Dix ans plus tard, TLP-Gabon s’incline « avec respect et douleur » devant la mémoire des victimes. Une pensée particulière va aux familles qui, depuis une décennie, « vivent avec le deuil et l’absence de réponses » s’indigne TLP. Le mouvement dénonce aussi « la douleur silencieuse des rescapés, traumatisés à vie par ce qu’ils ont subi et par le silence assourdissant des autorités ».

« On ne peut pas effacer le sang versé »

Au moment où le pays commémore les 3 ans du 30 août 2023, TLP-Gabon établit un parallèle : si la Libération a été célébrée, le 31 août attend toujours sa reconnaissance officielle.  « L’autre 30 août, celui d’il y a dix ans, attend qu’enfin la vérité éclate et que justice soit faite », écrit le mouvement.
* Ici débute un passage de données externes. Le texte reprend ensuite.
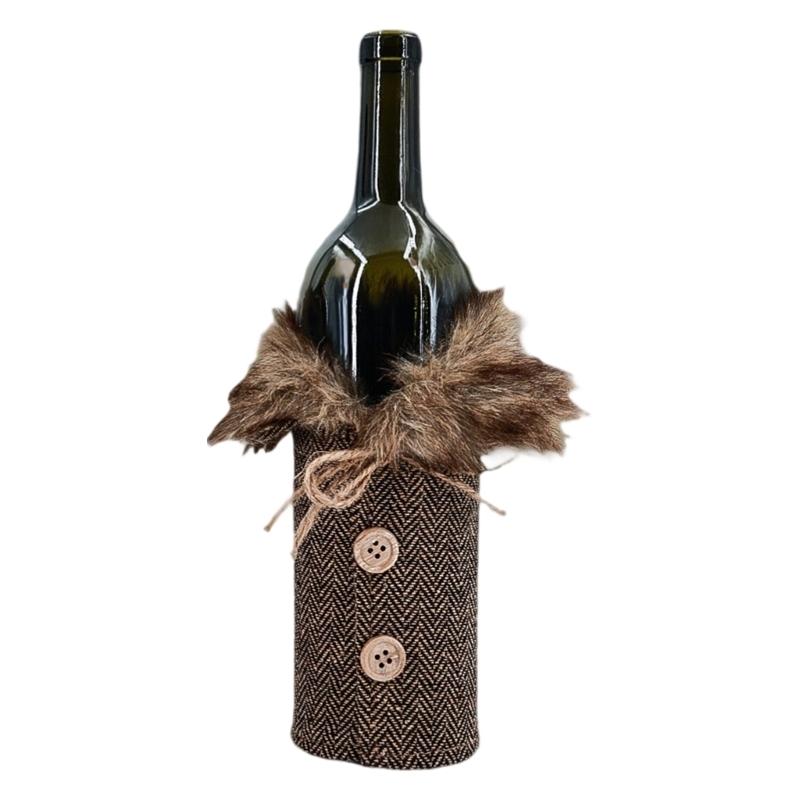 Red Wine Bottle Sleeve Christmas Dinner Table Decorative Bottle Cover For Family Gathering Festival Event Setting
Pour TLP-Gabon, l’absence de sanctions contre les responsables fait craindre que les victimes « ne soient jamais reconnues ». L’organisation martèle : « un peuple qui ignore volontairement le sang versé est condamné à revivre le même sort. L’histoire d’un pays n’a jamais été écrite avec la gomme et aucune gomme ne peut effacer le sang versé ».

Le mouvement refuse qu’on se contente « d’ériger des monuments tout en oubliant de s’acquitter du devoir mémoriel d’honorer ceux que la tyrannie aveugle a arrachés à la vie ».  Dix ans après, les questions restent entières selon TLP : Qui a donné l’ordre ? Quelles responsabilités ont été établies ? Où sont les corps des victimes ? Quels procès ont eu lieu ?   Face à cela, TLP-Gabon pose 4 « NON » clairs :  NON à l’oubli volontaire de nos martyrs ! NON à l’impunité ! NON à la négation de la souffrance des familles qui pleurent toujours leurs enfants !
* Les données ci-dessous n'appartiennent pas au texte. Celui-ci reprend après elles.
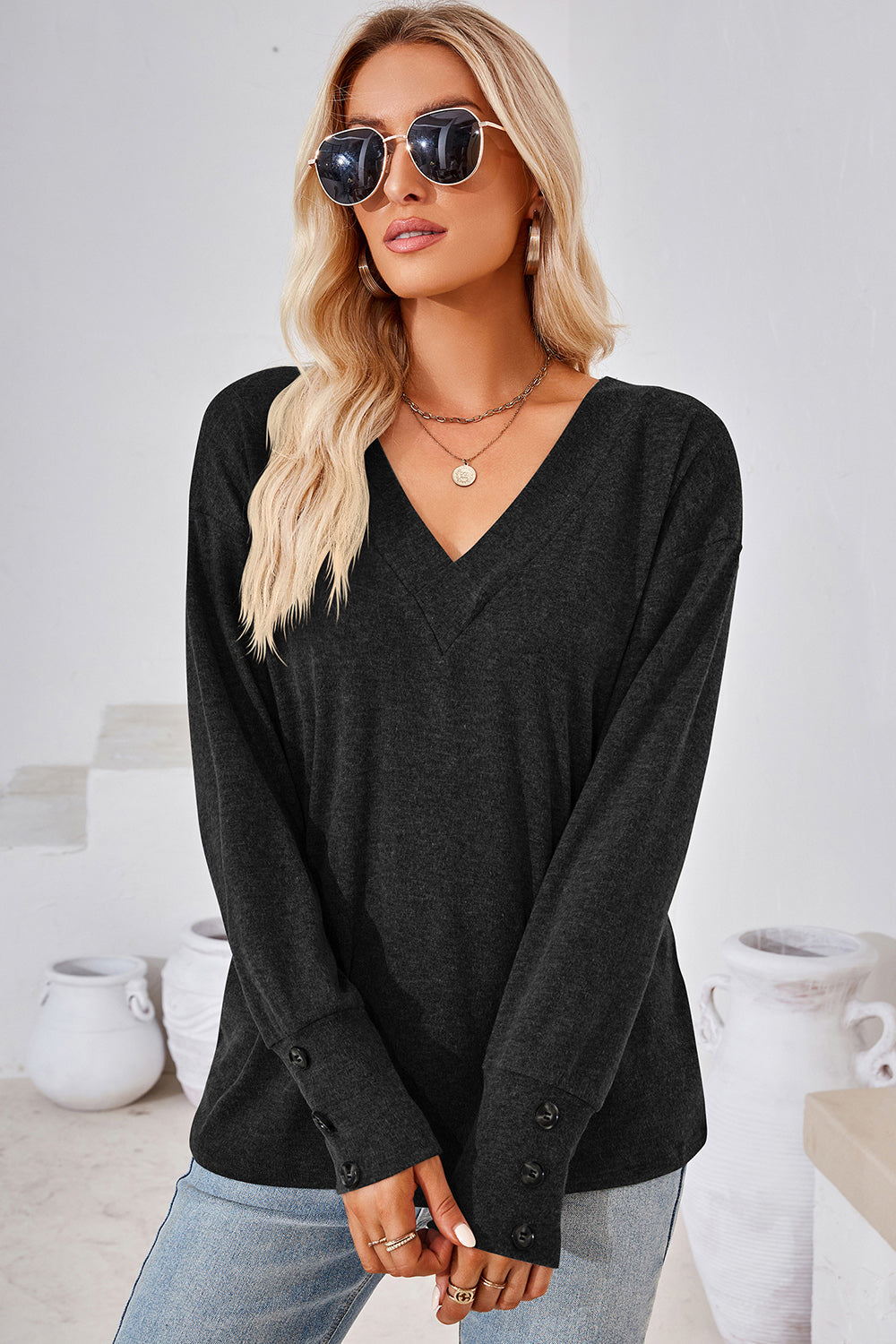 V-Neck Dropped Shoulder T-Shirt-Angel Casuals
NON à la négation d’une page sombre de notre histoire !  

Le mouvement exige « l’ouverture de toutes les enquêtes nécessaires, l’accès aux dossiers, et que justice soit rendue, sans prescription, sans oubli ».   TLP-Gabon réaffirme un principe : « il ne peut y avoir de réconciliation nationale durable sans vérité judiciaire ».  « La vérité libère tout comme le pardon. Il est temps que les acteurs politiques de notre pays, les leaders religieux et les acteurs de la société civile s’unissent pour dire NON ! », conclut le communiqué signé de .

Pour TLP, le souvenir des personnes « froidement assassinées hante les mémoires des fils et filles de… » ce pays. Et tant que justice ne sera pas faite, la plaie du 31 août 2016 restera ouverte.